Emanzipative Politik, Partizipation, Gleichberechtigung, innere Demokratie alles waren bestimmende Elemente des grünen Politikansatzes. Und jetzt: Machtbastionen dürfen nicht in Frage gestellt werden, statt dessen wird die lästige Basis geschleift. Die größte Quote zur Postenbesetzung haben diejenigen, die schon daraufsitzen. Regierungsfähigkeit lernen heißt die Opposition im Kopf zu zähmen.
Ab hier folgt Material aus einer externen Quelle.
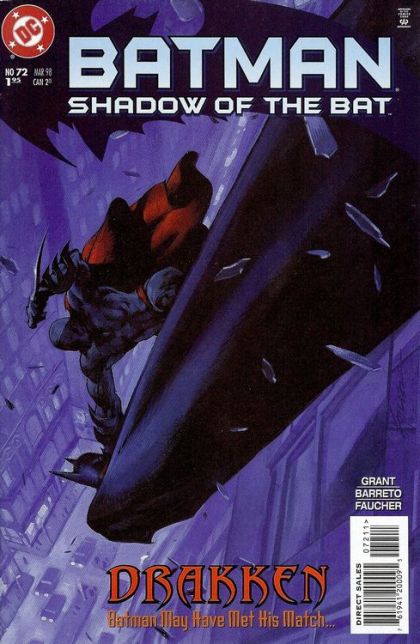 Batman: Shadow of the Bat #72A Direct Edition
Interne Strategieschlachten und endlose Strukturdebatten täuschen darüber hinweg, daß es sich nicht um ein Vermittlungsproblem handelt, sondern darum und das ist viel "nachhaltiger" in der Wirkung - daß die Beteiligung der Menschen am politischen Projekt wegbricht. Das grüne Projekt lebt nicht von der mundgerechten Vermarktung der Polithäppchen in der Mediokratie, sondern von Überzeugungen, die sich Mitglieder und Sympathisanten zu eigen gemacht haben, und die sie vor Ort glaubhaft vertreten. Dies wird zunehmend entwertet, weil das nicht hinreichend istfür das große Politikgeschäft.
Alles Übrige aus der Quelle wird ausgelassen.